Un océan si corrosif que les coquillages fondent, c'est la vision d'horreur qui hante les scientifiques depuis quelques années. Ils commencent seulement à étudier cette conséquence peu connue de la pollution de gaz carbonique due à la combustion de charbon, de pétrole et de gaz qui risque de tout bouleverser. Car le changement dans l'acidité des océans est très rapide, à l'échelle géologique.

«Le rythme de changement est 100 fois plus rapide que ceux vécus depuis 20 millions d'années», dit Alfonso Mucci, professeur à l'Université McGill et conférencier au colloque de Québec-Océan.

Dans une eau plus acide, plusieurs espèces fondamentales pour les océans peinent à former leur squelette ou leur coquille.

C'est le cas notamment d'une classe d'algues appelées coccolithophores, qui représentent le tiers de la production biologique des océans. Elles sont à la base de la chaîne alimentaire océanique. Et elles sont en danger.

L'acide se forme quand le gaz carbonique (CO2) est absorbé dans l'océan. Au contact de l'eau, de l'acide carbonique se forme.

Le phénomène va s'accentuer si on ne parvient pas à limiter les émissions de gaz carbonique. «D'ici à la fin du siècle, la concentration en protons [H+] aura encore doublé», affirme M. Mucci, en parlant du mode de mesure de l'acidité.

C'est un phénomène qu'on trouve dans tous les océans. Mais, à cause de facteurs particuliers, le fond de l'estuaire du Saint-Laurent offre un avant-goût de la version extrême de l'océan corrosif dont on pourrait hériter dans une centaine d'années, dit-il.

Difficile de former un squelette

Les animaux marins et les algues utilisent deux types de carbonate de calcium pour leur squelette ou leur coquille: la calcite et l'aragonite.

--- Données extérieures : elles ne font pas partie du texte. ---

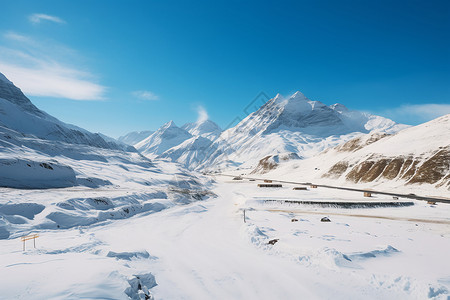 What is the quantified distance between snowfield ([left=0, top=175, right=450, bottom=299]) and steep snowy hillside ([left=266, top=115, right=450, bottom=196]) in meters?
40.4

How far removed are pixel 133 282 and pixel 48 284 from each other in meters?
3.31

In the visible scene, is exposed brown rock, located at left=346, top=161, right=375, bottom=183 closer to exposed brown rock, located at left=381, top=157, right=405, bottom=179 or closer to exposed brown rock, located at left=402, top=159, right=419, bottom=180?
exposed brown rock, located at left=381, top=157, right=405, bottom=179

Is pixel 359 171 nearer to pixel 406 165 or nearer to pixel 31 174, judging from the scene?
pixel 406 165

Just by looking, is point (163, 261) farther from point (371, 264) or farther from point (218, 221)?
point (218, 221)

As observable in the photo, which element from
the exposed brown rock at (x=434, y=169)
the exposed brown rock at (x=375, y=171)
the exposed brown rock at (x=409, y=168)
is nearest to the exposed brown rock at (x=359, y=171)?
the exposed brown rock at (x=375, y=171)

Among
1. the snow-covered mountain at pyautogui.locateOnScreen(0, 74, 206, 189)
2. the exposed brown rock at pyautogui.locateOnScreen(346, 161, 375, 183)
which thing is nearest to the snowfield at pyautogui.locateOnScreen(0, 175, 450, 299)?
the snow-covered mountain at pyautogui.locateOnScreen(0, 74, 206, 189)

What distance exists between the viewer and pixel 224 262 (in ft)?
56.0

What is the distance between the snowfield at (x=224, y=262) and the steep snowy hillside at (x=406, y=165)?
40.4m

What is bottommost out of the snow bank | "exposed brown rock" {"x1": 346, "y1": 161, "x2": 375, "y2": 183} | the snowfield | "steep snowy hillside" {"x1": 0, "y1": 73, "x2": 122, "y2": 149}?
the snow bank

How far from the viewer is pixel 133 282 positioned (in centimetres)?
1104

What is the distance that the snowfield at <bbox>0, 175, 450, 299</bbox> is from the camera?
10.3 m

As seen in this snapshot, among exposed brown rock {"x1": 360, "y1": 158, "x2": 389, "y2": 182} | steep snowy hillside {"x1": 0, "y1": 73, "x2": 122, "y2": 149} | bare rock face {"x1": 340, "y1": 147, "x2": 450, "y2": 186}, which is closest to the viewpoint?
bare rock face {"x1": 340, "y1": 147, "x2": 450, "y2": 186}

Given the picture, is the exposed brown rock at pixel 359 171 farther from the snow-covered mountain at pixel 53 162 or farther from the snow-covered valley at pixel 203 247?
the snow-covered mountain at pixel 53 162

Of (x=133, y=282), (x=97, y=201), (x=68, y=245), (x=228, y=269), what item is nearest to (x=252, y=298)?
(x=228, y=269) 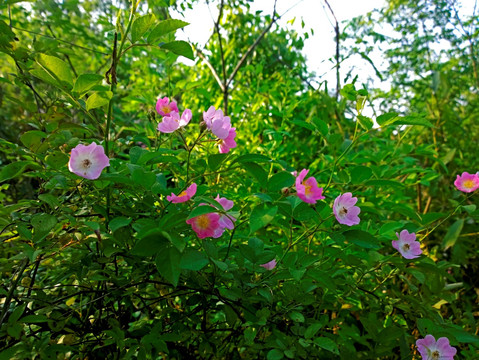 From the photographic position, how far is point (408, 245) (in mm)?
869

Le second type est plus sensible à l'acidité. Actuellement, au fond de l'estuaire, «les eaux sont corrosives pour tout squelette ou toute coquille d'aragonite». Les oursins et les coraux sont parmi les espèces qui ont une structure d'aragonite.

Le problème de l'acidification des océans avait été prévu par les chimistes depuis des décennies, mais cela fait moins de 10 ans que la communauté scientifique dans son ensemble a commencé à en étudier les impacts.

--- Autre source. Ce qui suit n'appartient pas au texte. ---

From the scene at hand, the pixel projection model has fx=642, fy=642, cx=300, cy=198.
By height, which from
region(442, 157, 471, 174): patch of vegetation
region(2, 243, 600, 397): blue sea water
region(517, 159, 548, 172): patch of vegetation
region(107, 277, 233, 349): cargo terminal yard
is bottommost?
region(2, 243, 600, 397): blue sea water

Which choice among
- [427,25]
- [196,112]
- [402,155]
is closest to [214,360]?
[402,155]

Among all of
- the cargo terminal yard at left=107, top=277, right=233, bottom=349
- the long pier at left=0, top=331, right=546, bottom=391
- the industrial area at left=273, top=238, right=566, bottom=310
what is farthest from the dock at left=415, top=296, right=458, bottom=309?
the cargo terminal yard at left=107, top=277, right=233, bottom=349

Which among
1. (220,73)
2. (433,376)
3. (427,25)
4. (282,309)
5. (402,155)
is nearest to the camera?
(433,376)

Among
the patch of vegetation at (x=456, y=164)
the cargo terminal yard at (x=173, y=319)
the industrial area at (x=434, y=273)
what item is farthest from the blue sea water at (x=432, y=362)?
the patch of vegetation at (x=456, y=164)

C'est le cas de Josiane Melançon, de l'Université Laval, qui a fait des expériences dans le Pacifique Nord, au large de la Colombie-Britannique. Elle a simulé l'impact de l'acidification sur les algues qu'on trouve dans cette région de l'océan. Elle a observé que l'acidification inhibe la croissance des algues, même si en même temps elle augmente la disponibilité du fer, fertilisant important pour les algues.